Como en cualquier campo del conocimiento de nuestro recorrido como seres humanos inquietos, podemos encontrar aquellos que cambiaron el curso del tiempo y esos otros que solo dejaron obras al polvo, en numerosos volúmenes. A veces, es difícil distinguir a los locos de los cuerdos, pero si no somos capaces de hacerlo aplicado a nuestros propios sentimientos, no vamos a pretender extraer conclusiones concluyentes de la vida y obra de los demás. Es seguro que debemos tanto a la locura como a la cordura, en ese estar aquí.
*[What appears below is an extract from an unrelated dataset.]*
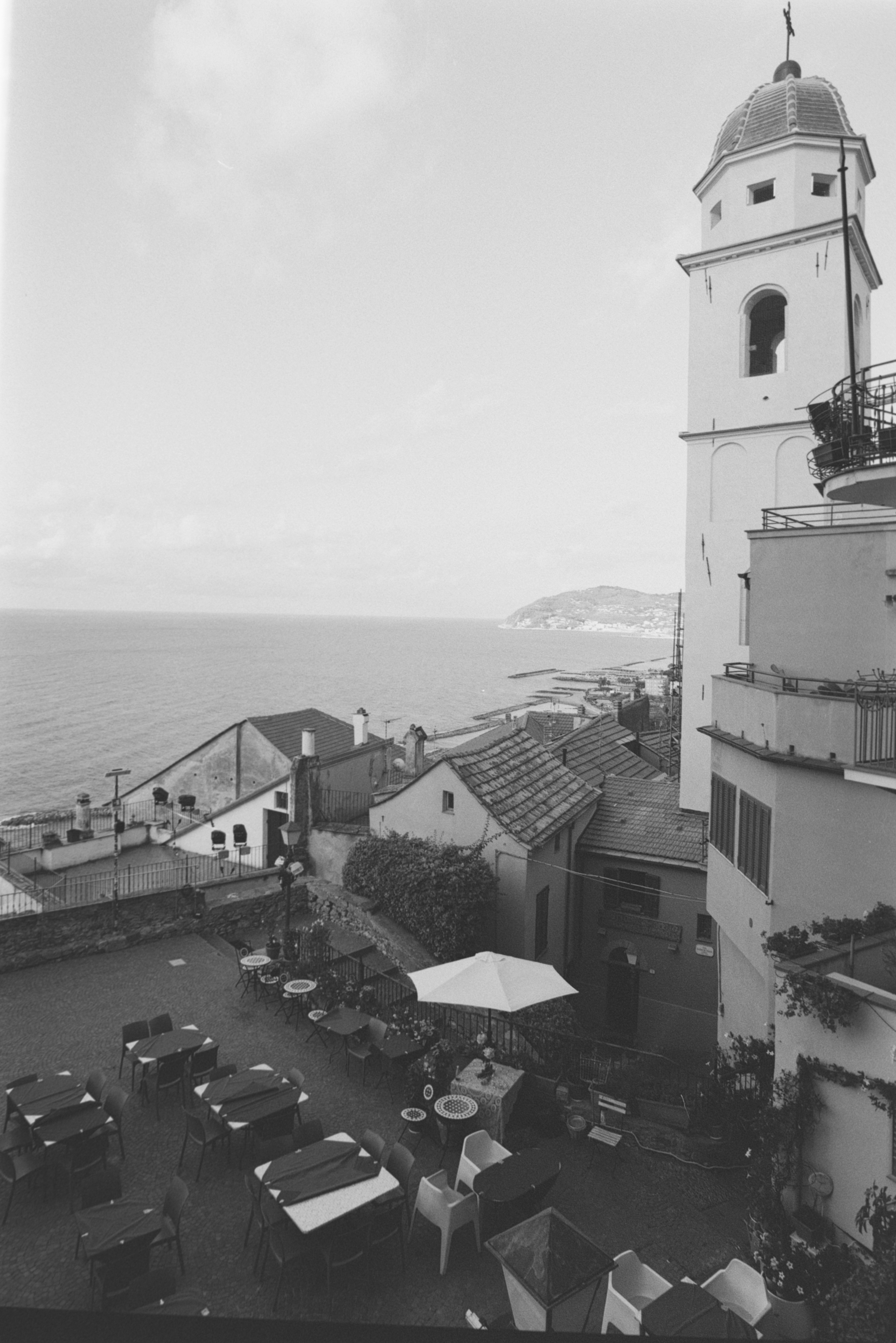 Eine Außenrestaurantterrasse neben einem Glockenturm mit Blick aufs Meer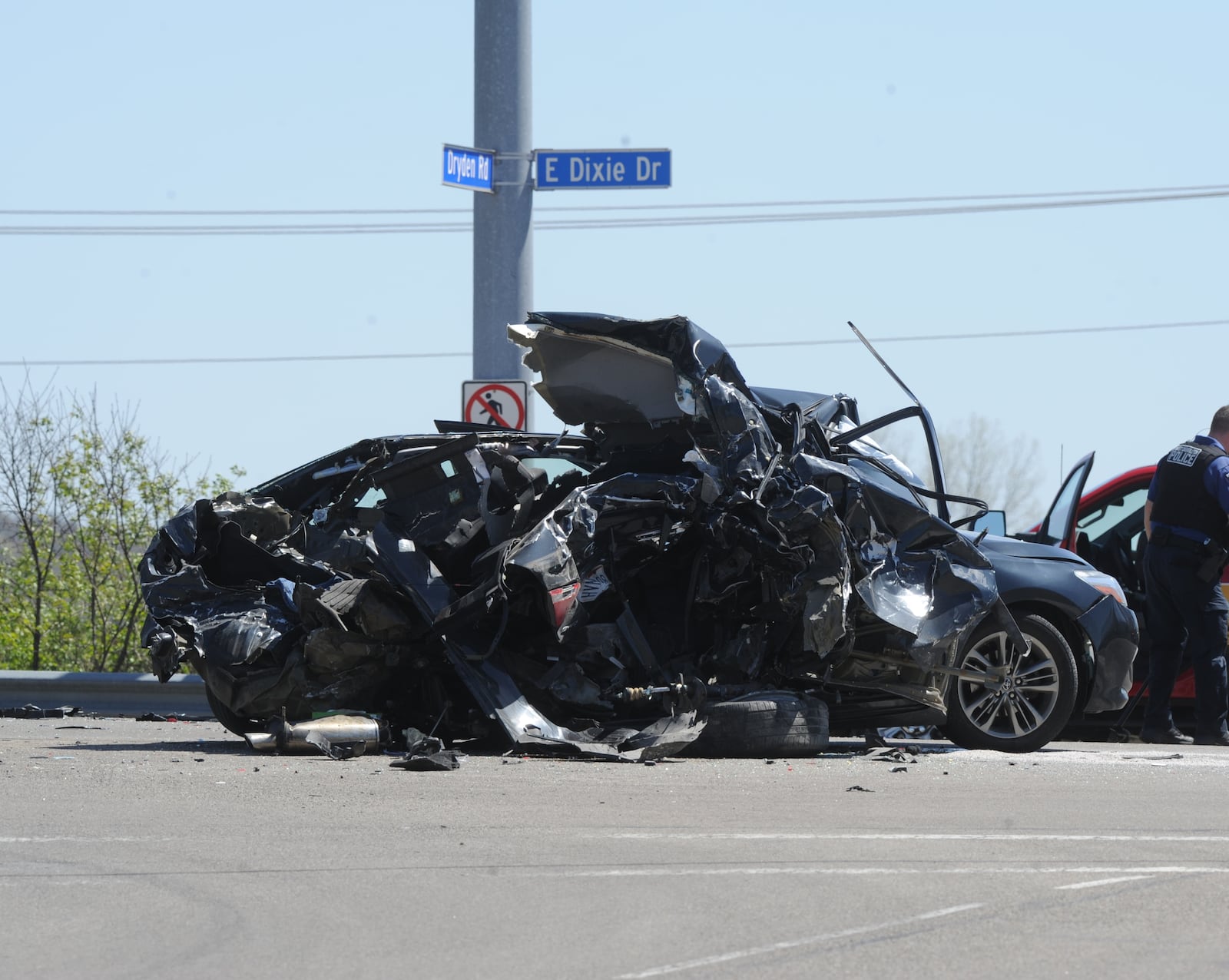 One person is dead following a two-vehicle crash Tuesday April 11, 2023, at the intersection of Dryden Road and East Dixie Drive/East Central Avenue in West Carrollton. MARSHALL GORBY \STAFF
Las redes sociales han hecho aflorar una intuición que teníamos de tiempo: que hay más imbéciles que personas sensatas. Pero no nos desviemos con malicias. No es lo mismo un loco que un imbécil. Ni mucho menos. Desde nuestra posición de observadores distantes (de algún modo, pasados los siglos, ya solo podemos ser, hagamos lo que hagamos, observadores distantes de la naturaleza), escribir sobre la naturaleza también es reunir objetos fantásticos para impresionar al otro. 

María Negroni maneja una sutil ironía y una prosa de miniaturista. Como escribir en granitos de arroz. Qué complicado. No es nada fácil que en apenas unas líneas se contenga a todo un sujeto. Obvio que no está todo, pero lo importante no es esa certeza, sino esa impresión. Cuando leemos estas pequeñas biografías anecdóticas, vidas y obras, tenemos la sensación de ya saberlo todo, y si no todo, lo más importante, y si no lo más importante, lo que nos hace comprender. Por eso, los libros de María Negroni que son así, tan pequeñitos, son como muñecas rusas a la inversa. Cuando abres la pequeña, sale una más grande, y cuando abres esa más grande, sale otra que aún lo es más. Así hasta la inmensidad. Además, contienen algún elixir de la felicidad. En vez de ese veneno mortífero al pasar las páginas, alguna sustancia estimulante. Estimulante también de la inteligencia. Por eso María Negroni es, voluntaria o involuntariamente, seguidora de Georges Perec. Incluso le gusta jugar, y unas veces, el texto es una carta, otra autobiografía, otra entrevista y nunca sabemos muy bien qué hay de incierto en todo esto, aunque lo demos todo por seguro. Entonces, recuerdo a otra jugadora de palabras, Wisława Szymborska, para la que escribir sobre libros o autores era solo otra forma de escribir sobre el mundo, el mundo que le interesaba, la fugacidad de las cosas. Vale.